Almost half (48 per cent) of UK consumers would look at cutting costs by eliminating non-mandatory insurance coverage, according to a survey commissioned by insurance software developer Guidewire.
The survey also found that travel insurance was the type of coverage identified by respondents as most likely to be dropped, with almost one in five (18 per cent) of respondents identifying this insurance type as ‘likely’ to be cut. The next most popular insurance types targeted for cuts were home contents (17 per cent) and bicycle insurance (16 per cent).
This sentiment reflects the increasingly poor economic outlook of both the UK and the global economy as a whole – 86 per cent of respondents to the survey said that they were concerned about the ongoing cost-of-living crisis.
The survey also found that many customers still have a negative opinion of insurers, viewing them as inconvenient, arcane, and prone to selling expensive products.
More than a third (36 per cent) of respondents said that they felt insurers were ‘necessary but inconvenient, while a quarter saying that they felt that they sold ‘overpriced products and are reluctant to pay out a claim’.
Guidewire highlighted that the second claim was especially concerning given that most people surveyed (88 per cent) had not had to make a claim in the past year. This was compounded by the fact that over a quarter of those surveyed said that their ‘opinion of insurers was negative, and has not changed in the past 12 months’ – suggesting that negative views of insurers were becoming embedded in the public consciousness, with the potential to ‘undermine the good work the industry does for its customers’.
Guidewire recommended that ‘insurers need to be careful that the news headlines and hearsay during the Covid-19 pandemic do not become entrenched views of the industry’.
The survey was carried out by market researcher Censuswide, and which consulted 1,000 UK insurance customers between the ages of 18 and 55 in May 2022, and is part of Guidewire’s annual Europe, Middle East and Africa (EMEA) Insurance Consumer Survey. Guidewire has also commissioned simultaneous, parallel reports for the French, German and Spanish markets – however these results have not yet been released.
Insurers are ‘struggling to demonstrate value’
In response to the findings, René Schoenauer, Director of EMEA Product Marketing at Guidewire, said: “The combination of people’s finances being squeezed and their opinions of insurers being low threatens to widen the insurance gap in ways that could make consumers far more open to harm.

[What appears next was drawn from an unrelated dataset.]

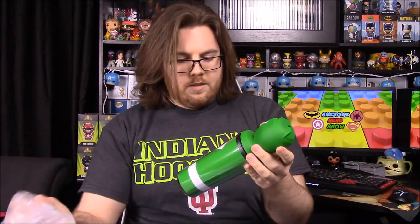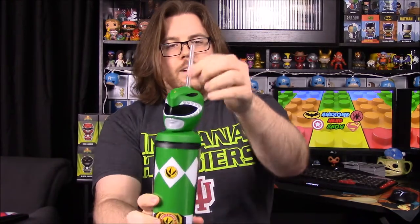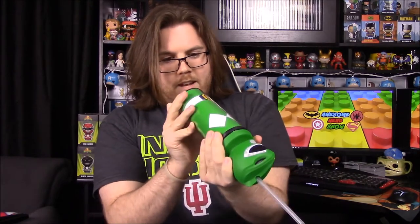It looks like we got some Power Rangers stuff in here, which is awesome. First up we have a Power Rangers cup — it's the Green Ranger, which is one of my favorites. There's a straw inside the package — let me feed it through here. There we go, now we have the cup with the straw. That's so cool, I'll definitely be using this. I may have to take it to work.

It appears that insurers are struggling to demonstrate the value that they deliver to customers, and this is being shown in notions of insurers as inconvenient or unwilling to pay claims. Insurers need to consider how they can play a greater role in their customers’ lives to show them the importance of the products and services they provide and the benefit that customers derive from them.”
The company recommended that improvements to customer engagement could assuage people’s concerns about insurance providers – it highlighted that nearly four in ten people surveyed had ‘never spoken to their insurer’, pointing to what it called ‘highly transactional and limited relationships’ between business and customer.
Guidewire also warned traditional insurers that such an approach could leave them vulnerable to insurance industry newcomers, with 45 per cent of people surveyed saying that they would be comfortable purchasing an insurance from the likes of Amazon, Tesla or IKEA, and a further 30 per cent being impartial to the idea.
However, on a positive note, when customers did interact with their provider, it was found that almost half (49 per cent) believed that the customer service agents they spoke to had ‘all the necessary information required to help them’.
The survey also suggested there were opportunities for insurers to be more proactive in their customers’ lives, through risk prevention services. Six in 10 (61 per cent) of people said that they would welcome a service that ‘sent warnings about issues to prevent damage before it happened’.
“We have seen various major brands begin to offer embedded insurance products and this trend is going to carry on. Since consumers appear comfortable with the idea of buying from a consumer brand, even at this nascent stage, insurers need to start planning now for what kind of role they will play in this ecosystem economy. Do insurers fight to preserve their brand and invest in becoming more customer-centric to do so? Or do they choose to invest in technology that allows them to seamlessly integrate with these consumer brands and expand their book of business that way? There are no right or wrong answers here, but it does require commitment to a clear strategy either way,” added Schoenauer.